Treatment with oseltamivir (Tamiflu) may prevent infection with Human Swine influenza ("Swine flu"), or shorten the duration and severity of illness in people that already have Human Swine influenza.

Note: Information adapted from CDC Interim Guidelines, Product Information and NSW Fact sheet

Introduction

Human Swine influenza ("Swine flu") is a respiratory disease of pigs caused by type A influenza (H1N1). Swine flu viruses do not normally infect humans, however, human infections with swine flu have occurred in the past, and cases of human-to-human spread of a swine flu virus have recently been confirmed.
The most useful antiviral medications for treating and preventing infection with influenza are neuraminidase inhibitors.  Queensland Health has access to Oseltamivir (trade name: Tamiflu) stocks for the control of any outbreak of this illness.

Antiviral Resistance

This virus is sensitive (susceptible) to the neuraminidase inhibitor antiviral medication oseltamivir but resistant to both amantadine and rimantadine.

Antiviral Treatment

Confirmed and suspected cases
Recommendations for use of antivirals may change as data on antiviral susceptibilities and additional advice on the optimal use of the medications becomes available.

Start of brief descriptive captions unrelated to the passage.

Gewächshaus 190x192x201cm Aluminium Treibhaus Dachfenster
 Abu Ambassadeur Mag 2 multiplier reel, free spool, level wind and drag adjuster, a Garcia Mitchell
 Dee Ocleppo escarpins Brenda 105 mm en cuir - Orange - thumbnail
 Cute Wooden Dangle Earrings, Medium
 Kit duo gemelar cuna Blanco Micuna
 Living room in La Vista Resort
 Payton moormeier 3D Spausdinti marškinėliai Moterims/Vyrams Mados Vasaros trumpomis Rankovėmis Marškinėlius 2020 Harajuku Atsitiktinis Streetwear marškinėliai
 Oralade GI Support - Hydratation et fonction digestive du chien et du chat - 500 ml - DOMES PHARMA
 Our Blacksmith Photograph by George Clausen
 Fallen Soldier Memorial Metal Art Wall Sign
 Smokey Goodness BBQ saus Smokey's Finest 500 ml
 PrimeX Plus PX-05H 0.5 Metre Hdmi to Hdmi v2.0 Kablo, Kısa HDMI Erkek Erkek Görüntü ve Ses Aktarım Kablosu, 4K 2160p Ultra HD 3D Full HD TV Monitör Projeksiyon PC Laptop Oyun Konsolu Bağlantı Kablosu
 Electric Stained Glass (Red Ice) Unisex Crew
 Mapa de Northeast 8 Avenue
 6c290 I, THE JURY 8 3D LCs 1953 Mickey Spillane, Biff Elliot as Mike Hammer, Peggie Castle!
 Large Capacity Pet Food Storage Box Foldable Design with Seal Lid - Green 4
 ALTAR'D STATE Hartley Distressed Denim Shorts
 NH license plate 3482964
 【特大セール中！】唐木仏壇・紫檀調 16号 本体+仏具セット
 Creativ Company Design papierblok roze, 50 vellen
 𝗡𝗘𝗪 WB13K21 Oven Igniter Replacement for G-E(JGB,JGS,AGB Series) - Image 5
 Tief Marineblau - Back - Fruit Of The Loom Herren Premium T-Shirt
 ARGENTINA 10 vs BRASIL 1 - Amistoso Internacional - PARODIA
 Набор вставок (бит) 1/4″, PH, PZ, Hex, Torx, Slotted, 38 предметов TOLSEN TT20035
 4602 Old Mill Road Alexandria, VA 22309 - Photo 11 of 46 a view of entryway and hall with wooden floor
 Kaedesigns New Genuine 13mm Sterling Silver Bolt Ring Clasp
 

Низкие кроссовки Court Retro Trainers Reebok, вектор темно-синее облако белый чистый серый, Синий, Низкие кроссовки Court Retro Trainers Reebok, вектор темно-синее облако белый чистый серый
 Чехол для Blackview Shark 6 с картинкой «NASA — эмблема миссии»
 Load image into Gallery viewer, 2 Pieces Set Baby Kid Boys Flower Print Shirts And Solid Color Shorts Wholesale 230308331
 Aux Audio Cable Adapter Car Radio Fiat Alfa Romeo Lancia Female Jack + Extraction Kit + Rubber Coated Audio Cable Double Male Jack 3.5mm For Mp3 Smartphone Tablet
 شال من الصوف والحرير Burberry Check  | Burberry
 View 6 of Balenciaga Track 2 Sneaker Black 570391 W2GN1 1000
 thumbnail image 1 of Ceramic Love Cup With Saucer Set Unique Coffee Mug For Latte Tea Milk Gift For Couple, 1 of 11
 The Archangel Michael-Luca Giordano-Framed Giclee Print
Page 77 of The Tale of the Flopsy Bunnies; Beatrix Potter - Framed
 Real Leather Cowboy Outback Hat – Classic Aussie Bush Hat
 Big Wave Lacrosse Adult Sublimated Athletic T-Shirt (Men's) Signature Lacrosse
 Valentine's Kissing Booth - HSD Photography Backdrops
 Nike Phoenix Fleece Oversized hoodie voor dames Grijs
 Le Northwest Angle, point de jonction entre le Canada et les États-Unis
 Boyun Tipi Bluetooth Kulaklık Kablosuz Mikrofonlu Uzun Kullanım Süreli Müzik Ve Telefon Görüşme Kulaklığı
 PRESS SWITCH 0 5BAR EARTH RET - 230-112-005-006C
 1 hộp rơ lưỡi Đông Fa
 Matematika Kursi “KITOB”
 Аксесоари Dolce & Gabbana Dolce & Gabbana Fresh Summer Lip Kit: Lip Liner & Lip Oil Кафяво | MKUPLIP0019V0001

Empiric antiviral treatment should be considered for confirmed, probable or suspected cases of H1N1 Influenza 09 (Human Swine Influenza) virus infection. Treatment of hospitalised patients and patients at higher risk for influenza complications should be prioritised. For the latest case definitions check http://www.healthemergency.gov.au/internet/healthemergency/publishing.nsf/Content/healthprof

Antiviral treatment with oseltamivir should be initiated as soon as possible after the onset of symptoms. Evidence for benefits from treatment in studies of seasonal influenza is strongest when treatment is started within 48 hours of illness onset. However, some studies of treatment of seasonal influenza have indicated benefit, including reductions in mortality or duration of hospitalisation even for patients whose treatment was started more than 48 hours after illness onset.

Recommended duration of treatment is five days. Antiviral doses recommended for treatment of Human Swine Influenza virus infection in adults or children 1 year of age or older are the same as those recommended for seasonal influenza. (see table)

Antiviral Chemoprophylaxis

Recommendations regarding the use of antiviral chemoprophylaxis will change regularly as information regarding the nature of the virus and its infectivity become clear. It is best to regularly check the web http://www.healthemergency.gov.au/internet/healthemergency/publishing.nsf/Content/healthprof for the latest advice as to whom should received this intervention.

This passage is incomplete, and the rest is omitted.